Variation in cell type contribution
Our protocols of single-cell dissociation are aimed at capturing the diversity of cell types present in each organ, but do not represent the proportion of each cell type in the original tissue. For example, the tissue dissociation protocol employed for the lung strongly enriches for immune cell types. Relatively high variability in the proportions of cell types was seen between samples. This was likely to be due to technical variation as well as underlying biological variation as indicated by the capture of rare structures such as glandular cells in only some esophagus samples, namely from donor 325C and 356C. Interestingly, histology on sections from donor 325C (12 h) confirmed the presence of glands (mucous secreting cells; Additional file 1: Figure S2) that were not present in the other esophagus samples sectioned.
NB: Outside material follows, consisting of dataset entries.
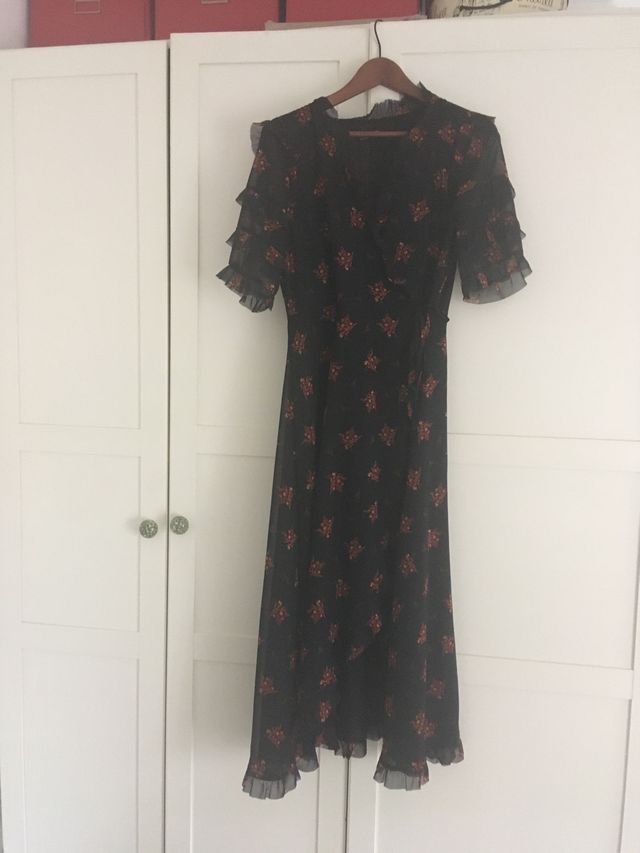 Vestido mujer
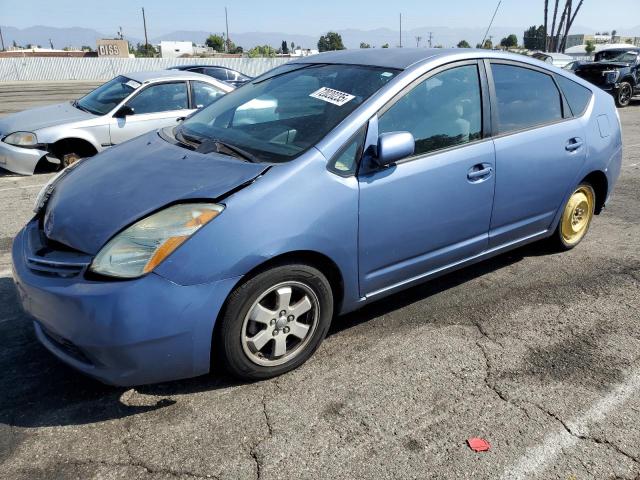 2005 TOYOTA PRIUS, 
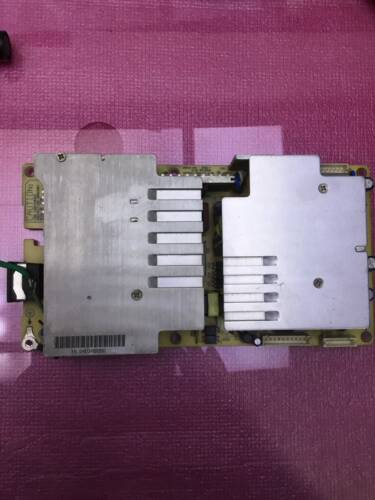 原装SVN LT2602G1电源板 CAUTI0N 实拍图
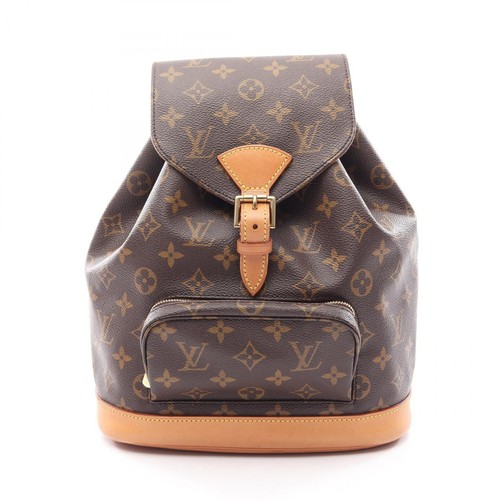 Sac dos louis - à,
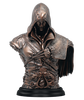 фотография The Legacy Collection Ezio Auditore Bronze Edition Bust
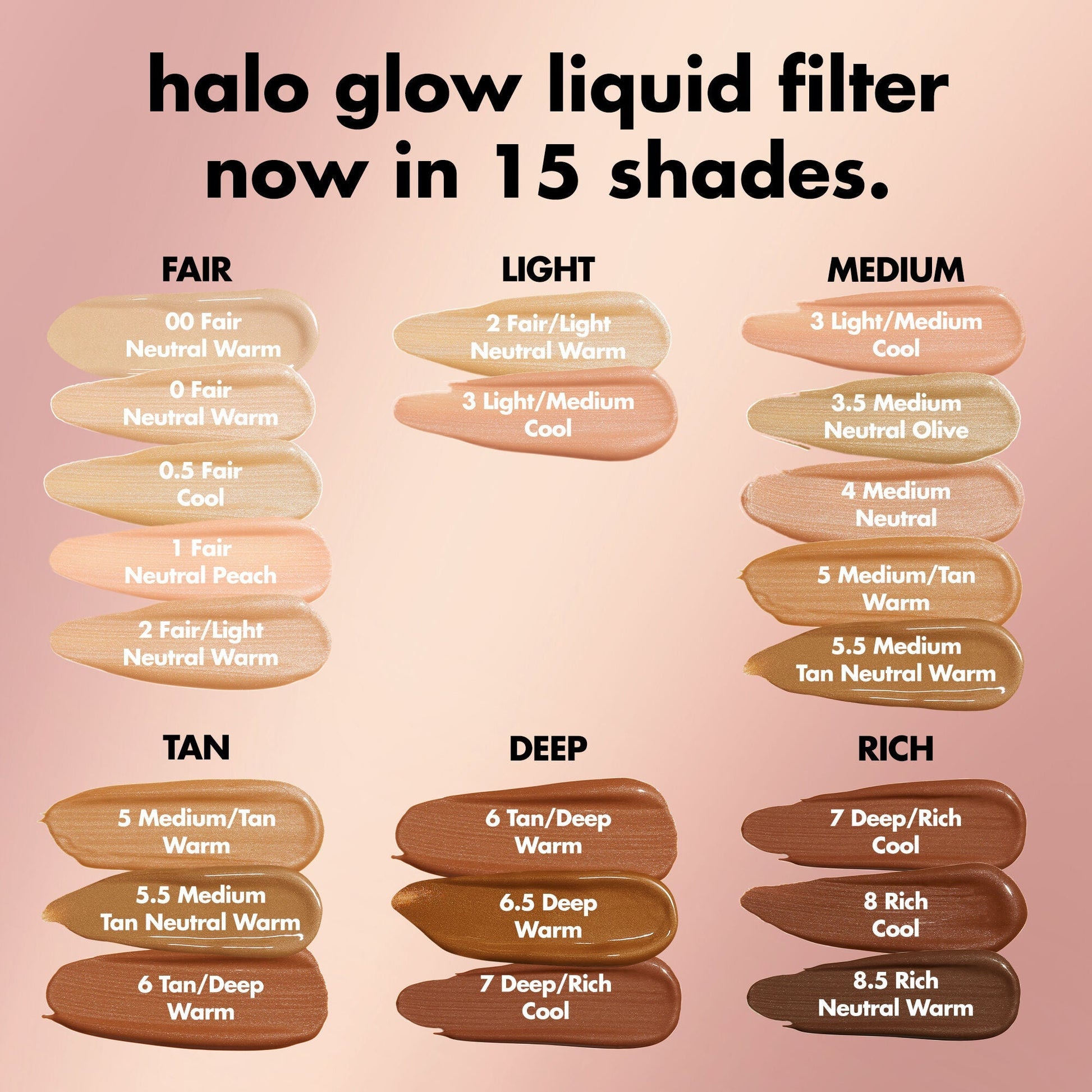 halo-glow-liquid-filter-x2 S25_EDU_MOREGLOW_HALO_GLOW_LIQUID_FILTER_SHADEFINDER_1b019e75-3269-4c72-8200-73a8b36fff56.jpg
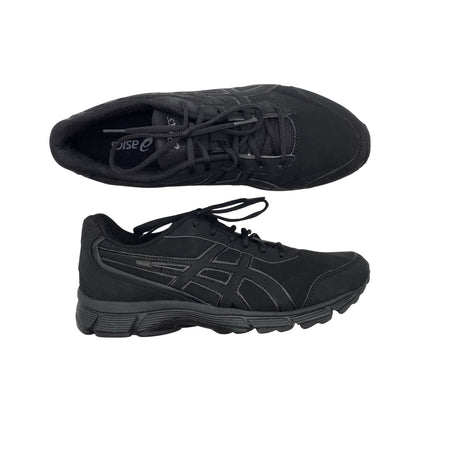 Naisten Asics - Lenkkarit, koko 39 - Musta ()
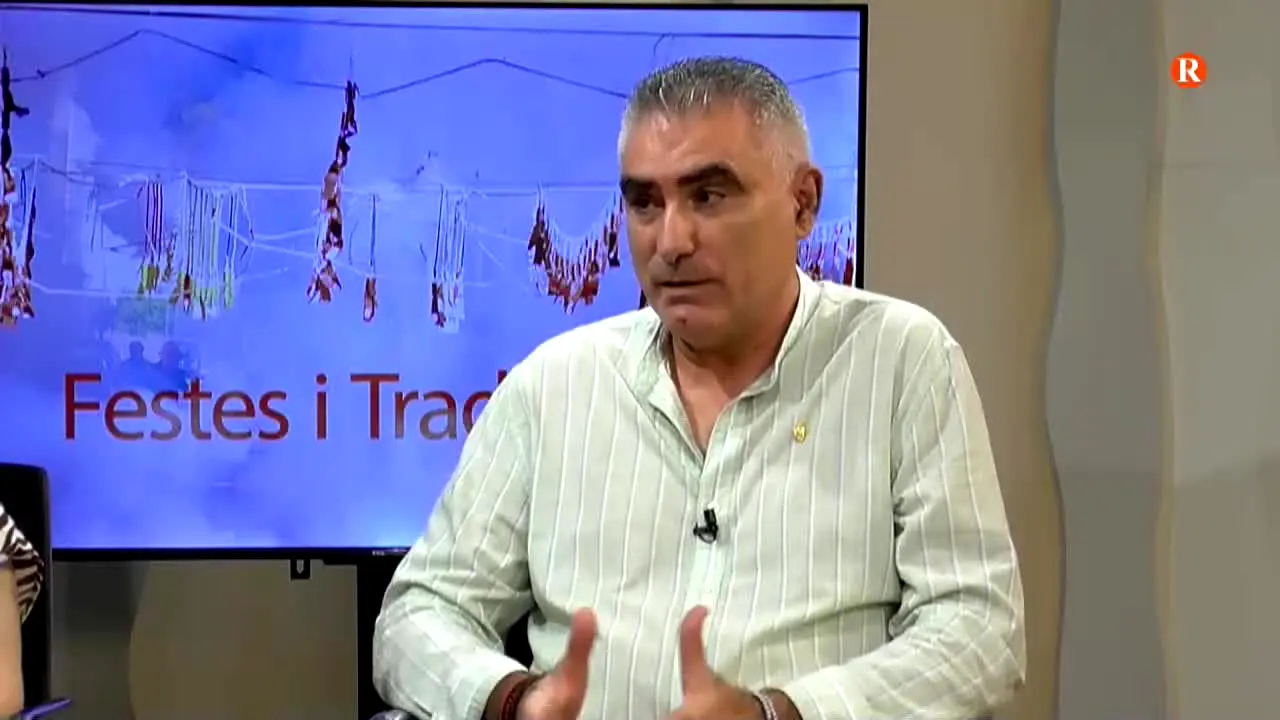 Ribera TV live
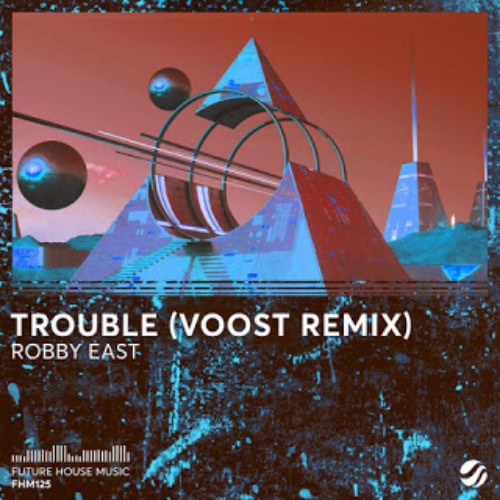 Trouble (Voost Remix) (Single)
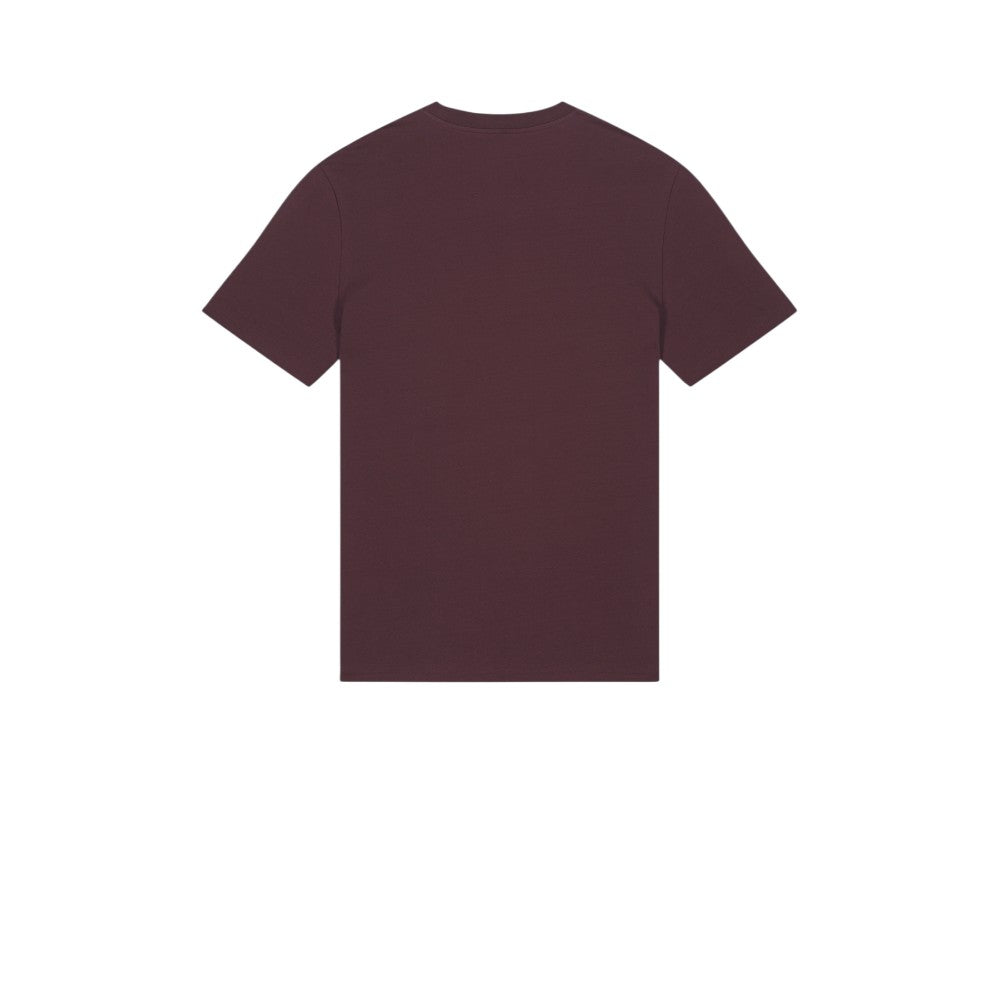 Stanley/Stella® Unisex Creator 2.0 Tee - Red Brown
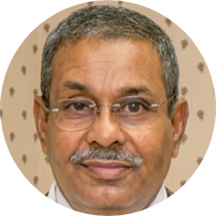 Dr. Paul Panavelil, MD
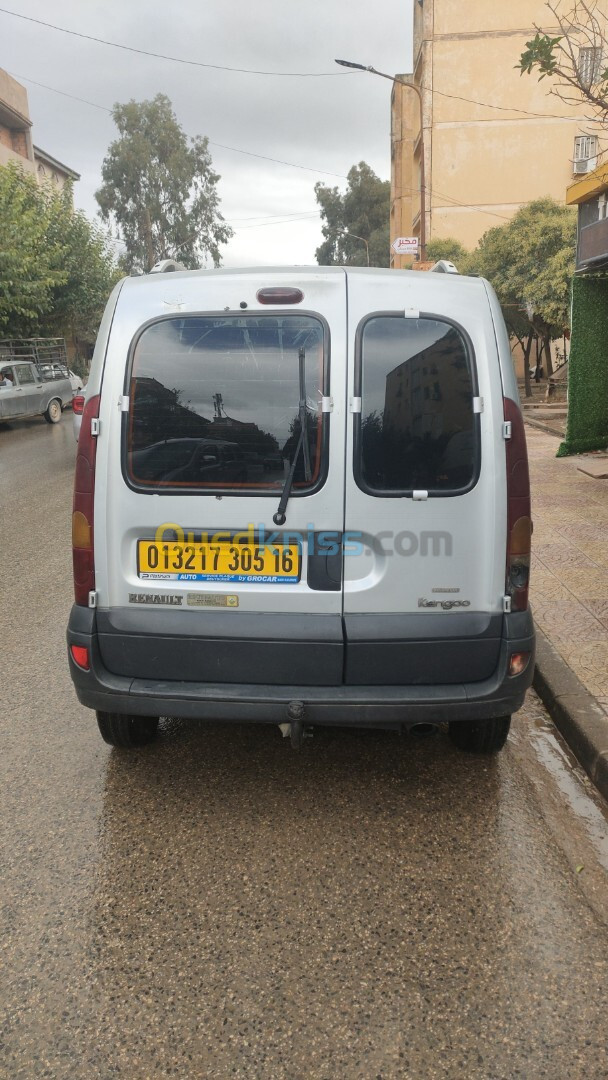 Renault Kangoo 2006 Kangoo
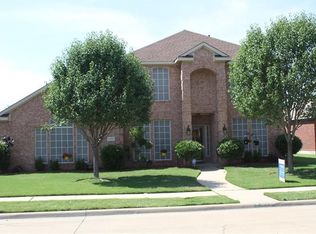 7517 Fairfield Dr, Rowlett, TX 75089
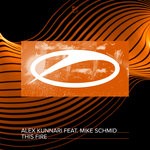 cover: Alex Kunnari|Mike Schmid - This Fire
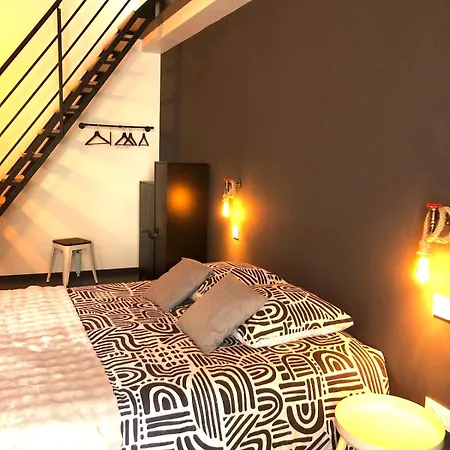L'atelier Charnay *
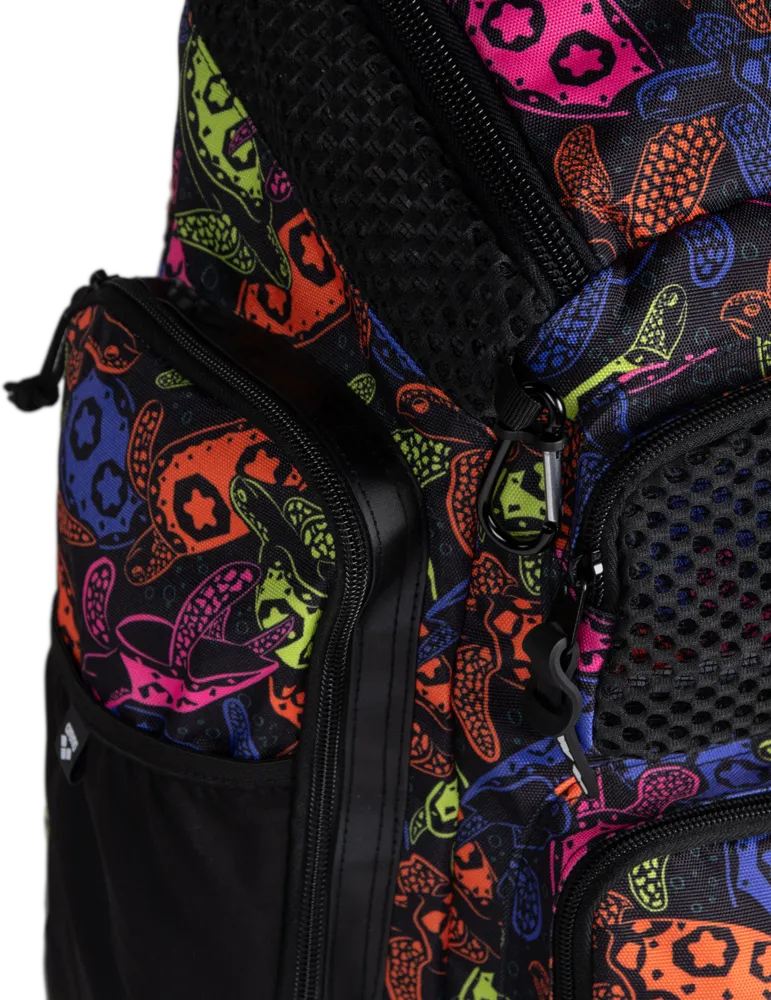 ARENA PLECAK ONE GO BACKPACK 45L AO ARENA TURTLES 010232/908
All other samples contained fewer than five mucous secreting cells (Additional file 3: Table S2). This exemplifies the difficulty in collecting cells from structures that are sparsely distributed, such as the glands in the esophagus, and suggests that some of the sample to sample variation is due to the underlying differences in the architecture of the specific tissue sections analyzed. A similar effect was seen for blood vessels (Fig. 4e, 367C, 72 h). Furthermore, the immune infiltrate seen on one of the histology sections (Additional file 1: Figure S2c, 362C, 24 h) is possibly reflected in an increase in immune cells (B, T, and monocytes/macrophages) at the single-cell level (Fig. 4e, 362C, 24 h).
Overall, we observe greater variability between donors than between samples. Additional file 6: Table S5 lists all cell types per tissue, 72 in total. Statistical tests (t tests) for changes with time yielded only two significant changes (discussed above). However, when we test differences between donors, we find that for 29 out of the 72 combinations the proportions of cell types were significantly different in at least 1 of the donors compared to the rest (one-sided ANOVA, BH-corrected p value < 0.05). This variability in cell type proportions per donor is also visualized in Additional file 1: Figure S12a. The cell type with the most significant variation between donors was mast cells in the lung. Other examples include NK cells in both the spleen and lung and dividing epithelial cells in the esophagus (Fig. 4d–f). This high variability between donors suggests that for the Human Cell Atlas, a large number of donors will have to be profiled to understand the range of “normal.”